(DATA BLOCK begins)

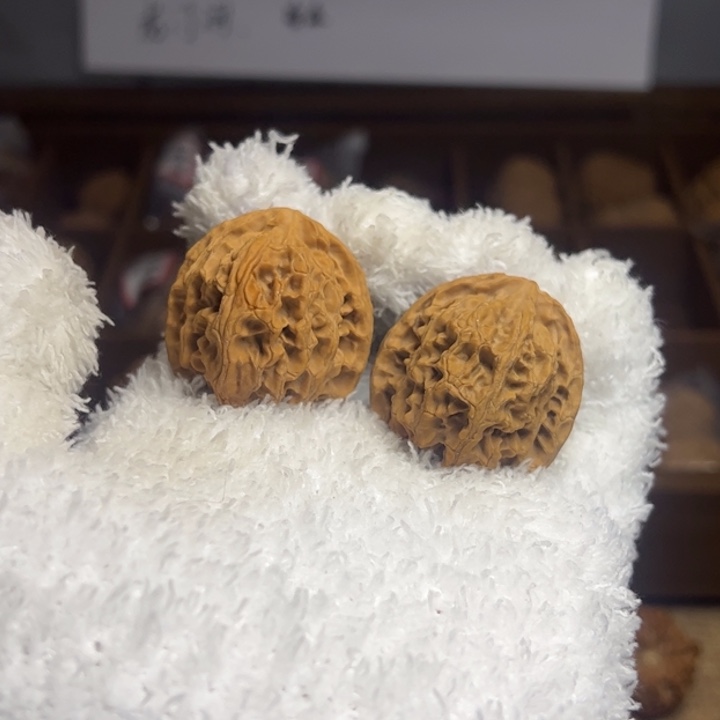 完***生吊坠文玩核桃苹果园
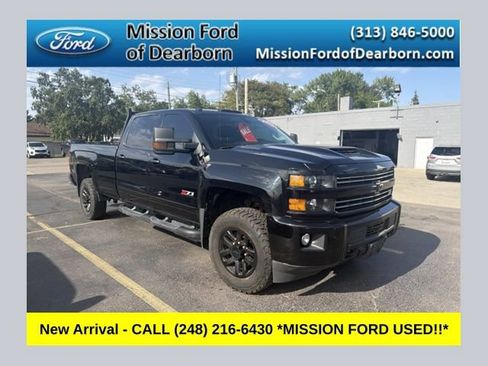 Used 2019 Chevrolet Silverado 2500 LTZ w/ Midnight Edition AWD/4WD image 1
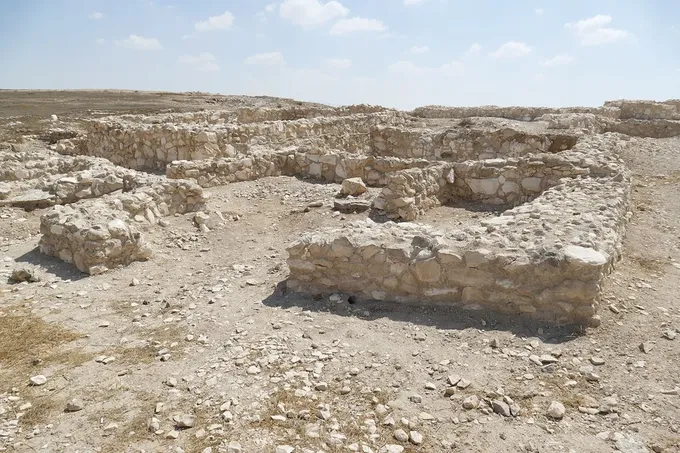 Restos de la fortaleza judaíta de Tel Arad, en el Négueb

(DATA BLOCK ends)

• TASK: Restate all of the data word for word and include no pictures.

• SOLUTION TO THIS EXERCISE:
 完***生吊坠文玩核桃苹果园
 Used 2019 Chevrolet Silverado 2500 LTZ w/ Midnight Edition AWD/4WD image 1
 Restos de la fortaleza judaíta de Tel Arad, en el Négueb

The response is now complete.